▶ [Aim of the task] Where the records below show the word "Golf" in a line, please copy that line.

------ Material provided

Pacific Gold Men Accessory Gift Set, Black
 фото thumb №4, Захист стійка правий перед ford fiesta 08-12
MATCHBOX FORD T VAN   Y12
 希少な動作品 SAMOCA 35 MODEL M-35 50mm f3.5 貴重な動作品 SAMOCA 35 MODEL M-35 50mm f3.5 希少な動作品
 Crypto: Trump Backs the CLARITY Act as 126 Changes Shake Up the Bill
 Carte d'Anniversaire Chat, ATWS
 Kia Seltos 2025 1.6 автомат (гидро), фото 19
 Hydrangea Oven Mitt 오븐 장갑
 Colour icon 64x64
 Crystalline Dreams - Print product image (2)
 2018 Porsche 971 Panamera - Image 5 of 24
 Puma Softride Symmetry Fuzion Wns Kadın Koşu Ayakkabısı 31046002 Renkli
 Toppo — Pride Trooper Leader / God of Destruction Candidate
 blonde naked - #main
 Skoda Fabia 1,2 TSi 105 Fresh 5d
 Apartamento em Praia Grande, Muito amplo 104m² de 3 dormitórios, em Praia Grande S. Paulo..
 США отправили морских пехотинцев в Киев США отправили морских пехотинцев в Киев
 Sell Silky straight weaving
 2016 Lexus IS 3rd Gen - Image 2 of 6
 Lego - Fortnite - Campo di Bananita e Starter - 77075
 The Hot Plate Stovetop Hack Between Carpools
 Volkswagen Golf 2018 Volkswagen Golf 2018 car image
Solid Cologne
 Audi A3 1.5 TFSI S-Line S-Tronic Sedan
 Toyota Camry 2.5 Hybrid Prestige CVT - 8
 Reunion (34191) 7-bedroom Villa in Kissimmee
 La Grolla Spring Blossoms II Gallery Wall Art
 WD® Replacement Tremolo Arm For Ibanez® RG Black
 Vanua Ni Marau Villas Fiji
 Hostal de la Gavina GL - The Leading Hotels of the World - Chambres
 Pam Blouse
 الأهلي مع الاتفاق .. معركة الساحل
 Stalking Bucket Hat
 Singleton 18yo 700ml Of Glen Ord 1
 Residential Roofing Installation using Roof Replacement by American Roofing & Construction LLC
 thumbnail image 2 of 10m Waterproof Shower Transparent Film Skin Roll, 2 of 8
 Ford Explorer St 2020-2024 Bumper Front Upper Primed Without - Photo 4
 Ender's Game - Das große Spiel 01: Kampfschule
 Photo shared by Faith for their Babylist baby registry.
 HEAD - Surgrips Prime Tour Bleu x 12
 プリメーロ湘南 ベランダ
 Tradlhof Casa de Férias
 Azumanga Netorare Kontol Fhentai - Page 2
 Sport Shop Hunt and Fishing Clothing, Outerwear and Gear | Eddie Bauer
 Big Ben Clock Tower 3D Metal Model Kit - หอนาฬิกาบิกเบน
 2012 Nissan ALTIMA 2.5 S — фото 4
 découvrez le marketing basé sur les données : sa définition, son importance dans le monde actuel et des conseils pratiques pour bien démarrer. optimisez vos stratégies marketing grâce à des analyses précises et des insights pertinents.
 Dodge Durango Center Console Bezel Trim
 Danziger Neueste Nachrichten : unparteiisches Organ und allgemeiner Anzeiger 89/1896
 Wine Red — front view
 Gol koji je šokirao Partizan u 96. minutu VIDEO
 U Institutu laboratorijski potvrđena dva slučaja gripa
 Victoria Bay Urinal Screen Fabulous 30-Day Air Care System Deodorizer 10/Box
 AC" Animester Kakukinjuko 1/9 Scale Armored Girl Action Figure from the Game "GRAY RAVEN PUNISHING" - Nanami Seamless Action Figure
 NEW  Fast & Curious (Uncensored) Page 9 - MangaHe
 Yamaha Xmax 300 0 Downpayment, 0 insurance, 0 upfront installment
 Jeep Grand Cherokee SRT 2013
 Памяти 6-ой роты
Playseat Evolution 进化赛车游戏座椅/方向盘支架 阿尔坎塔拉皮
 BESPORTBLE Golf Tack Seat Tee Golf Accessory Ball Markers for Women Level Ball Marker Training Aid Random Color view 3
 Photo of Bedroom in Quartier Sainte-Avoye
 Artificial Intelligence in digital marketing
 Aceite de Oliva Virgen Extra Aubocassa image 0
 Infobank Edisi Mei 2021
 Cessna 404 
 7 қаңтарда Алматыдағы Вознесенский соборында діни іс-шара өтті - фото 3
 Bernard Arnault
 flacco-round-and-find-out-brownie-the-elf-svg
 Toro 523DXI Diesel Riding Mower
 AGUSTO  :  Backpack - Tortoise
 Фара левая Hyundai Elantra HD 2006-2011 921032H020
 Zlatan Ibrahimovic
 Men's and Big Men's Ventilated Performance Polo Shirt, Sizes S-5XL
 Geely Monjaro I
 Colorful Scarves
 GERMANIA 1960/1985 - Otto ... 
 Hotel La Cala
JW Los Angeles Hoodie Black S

------------

▶ [Answer to the exercise]
 Volkswagen Golf 2018 Volkswagen Golf 2018 car image
 BESPORTBLE Golf Tack Seat Tee Golf Accessory Ball Markers for Women Level Ball Marker Training Aid Random Color view 3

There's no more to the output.